Ja, das war schon ein heldenhafter PR-Schachzug von den Helden.
Ich sagte auch schon mehrfach am Tag: Ich glaub, es hackt. Vllt. sollte ich das einfach mal auf meinen Blog schreiben. *g*
Für die Antwort von „Wir sind Helden“ fällt mir spontan ein Wort ein: KLASSE! Schön zu sehen, dass es bekannte Persönlichkeiten gibt, die das Wort Persönlichkeit auch verdient haben und sich von diesem Blatt nicht instrumentalisieren lassen.
Ich schließe mich Marcus an, meine spontane Reaktion war ebenfalls „Klasse!“
(wuhu, mein erster Kommentar.)
Obwohl ich die intensive Diskussion schätze, ist die Kürze eure Zustimmung ein deutliches Signal: Dem ist nichts mehr hinzuzufügen.
@shan_dark: In der Tat, ein wirklich gelungener PR-Schachzug der Helden, denn die haben damit mehrere Fliegen mit einer Klappe erschlagen. Wegen der Grundhaltung und der Qualität der Antwort sei ihnen dieser kleine Erfolg auch gegönnt. Der Link zur neuen Platte der Helden habe ich ganz bewusst gesetzt :)

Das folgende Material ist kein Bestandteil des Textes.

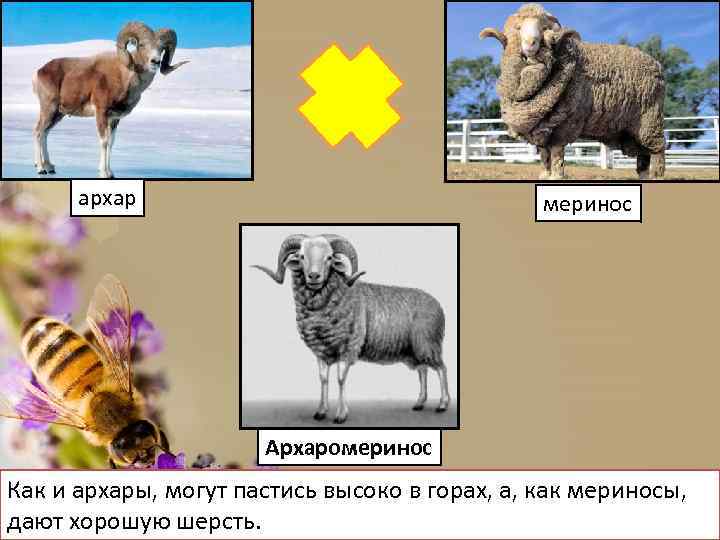 архар меринос Архаромеринос Как и архары, могут пастись высоко в горах, а, как мериносы,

@Mophelia: Und? Hat gar nicht weh getan, oder? :) Freut mich das du Dich einbringst!
In der Tat.
Auch wenn man die PR-Werbe-Funktion einer solchen öffentlichen Abfuhr nicht unterschätzen sollte, so musste ich doch schmunzeln, als ich die Wortwahl las.
Da für mich die BILD zum einen das widerlichste ist, was der Zeitungsjournalismus bis dato hervorgebracht hatte. Aber das erwähnte ich ja schon einmal beiläufig.

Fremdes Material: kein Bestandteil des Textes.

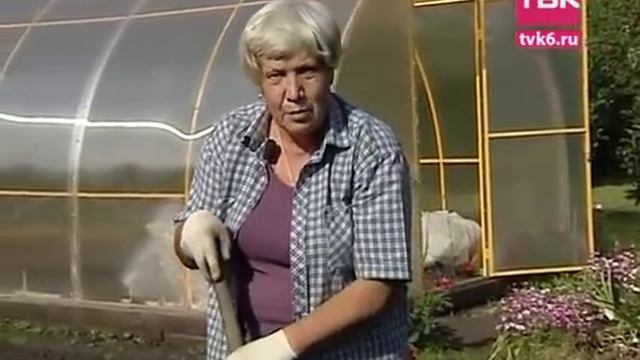 Дачные советы. "Советы тети Тани" - Лук и чеснок-2 смотреть онлайн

Zum anderen ist eben jene Werbekampagne an Scheinheiligkeit nur noch schwer zu übertreffen. Und da ich aus jener Branche komme, kann ich mich bei dem Anblick der Plakate nicht einmal nur fremdschämen.
Man ist als dahingehender Dienstleister schon oft genug Kollaborateur hinsichtlich seiner Überzeugung. Aber der BILD den Umsatz erhalten? Impertinenz sollte auch seine Grenzen kennen. Da kann man gleich Werbebotschaften für die NPD entwickeln. Lieber wollte ich im Existenzminimum herumkrauchen, als für diese Rotte Kreativität zu opfern.
Tja, jetzt macht sie doch Werbung in der BILD:
…wenn auch unfreiwillig.
So läuft eben PR und wie ich mit meiner Ironie schon angedeutet habe: ich fand es nicht klasse, sondern „berechnend“ von den Helden. Das hätten sie aus meiner Sicht nicht nötig gehabt um ihr neues Album zu promoten. Ich hätte um die BILD-Anfrage keinen solchen öffentlichen Wirbel gemacht, ich fand das eher etwas plump. Jetzt müssen sie auch mit der „Anzeige“ leben.
Ich schätze damit steht es nun 1:1 oder gar 1:0 für BILD, das muss man der Gerechtigkeit wegen einmal sagen.
Wobei „Wir sind Helden“ auch eine andere Anzeige hätten aufgebrummt bekommen können. Denn solche internen Anfagen ohne Zustimmung des Absenders zu veröffentlichen war rechtlich gesehen auch nicht ohne Risiko.
Aber im Grunde nun ein amüsanter Schlagabtausch.
Revolution fängt bekanntlich im Kleinen an. Ich hätte mir allerdings gewünscht, dass mehr „Hochkaräter“ – die einen breiteren Anklang in der Bevölkerungsmasse finden – sich gemeinsam gegen die Aktion der Bild-Zeitung aussprechen würden, was auch nicht unbedingt auf öffentlichem Terrain passieren muss; wie schnell kann man damit auf dem Parkett ausrutschen.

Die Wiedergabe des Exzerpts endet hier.